In 2008, Mapandi, a brigade commander of the Bangsamoro Islamic Armed Forces, led more than a hundred fighters who attacked the towns of Kauswagan and Kolambogan.
At least 31 people, most of whom were civilians, died and several structures were razed to the ground.
Now, 12 years after the rebel attack, Mapandi’s only child, an 11-year-old boy, is dreaming of becoming a policeman.
“I am supporting him,” said the former rebel leader. “That is why I am happy of what our life is becoming now because of the [Bangsamoro Organic Law].”
The Bangsamoro Organic Law, or the Organic Law for the Bangsamoro Autonomous Region in Muslim Mindanao, provides for the establishment of the autonomous political entity known as the Bangsamoro Autonomous Region.
The law is the result of a 2014 peace agreement between the Philippine government and the rebel Moro Islamic Liberation Front, which has been waging a war of independence for almost five decades.

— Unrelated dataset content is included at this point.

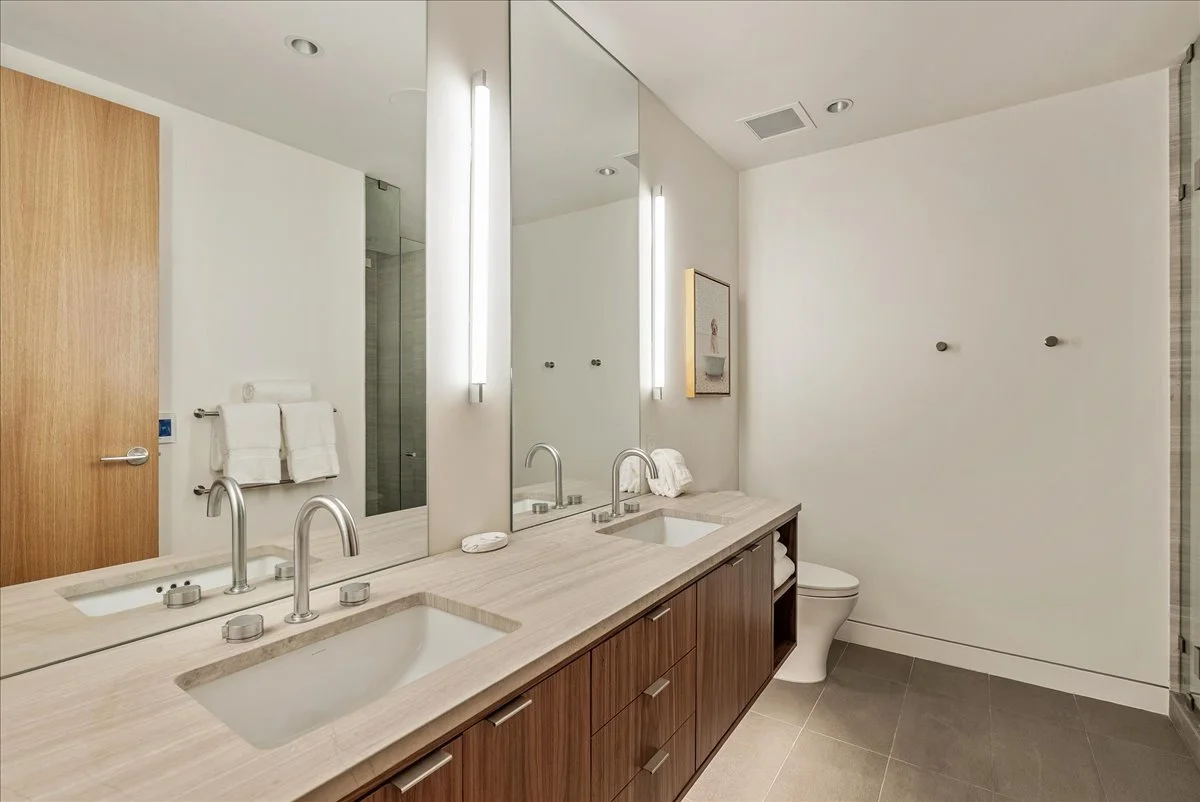 Modern bathroom with double sinks, large mirror, towel rack, toilet, and shower area in the background.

Under the deal, the rebels have to cease the armed struggle in exchange for a free hand to govern their own autonomous region in the southern Philippines.
Hope for the future
On Nov. 2, Mapandi led his comrades and their families in a gathering in a former war zone, about 22 kilometers from the national highway in Lanao del Norte.
Instead of brandishing high-powered firearms, the men brought food for a picnic with their families.
Mapandi’s former commander in the 2008 attack arrived with sacks of rice from the Office of the Presidential Adviser on the Peace Process.
“I am here today with no firearms and no camouflage uniform because I am no longer an enemy of the government,” said Abdullah Macapaar, now a member of parliament of the Bangsamoro Autonomous Region in Muslim Mindanao.
“I am here today, not to wage war against the government but to bring projects and development for our area,” he said.
Macapaar, formerly known as Commander Bravo, announced that the former rebel stronghold, will now receive about US$1.7 million worth of projects.
The projects will support the “normalization program” under the peace deal as part of the government’s commitment to help spur economic activity in former rebel strongholds.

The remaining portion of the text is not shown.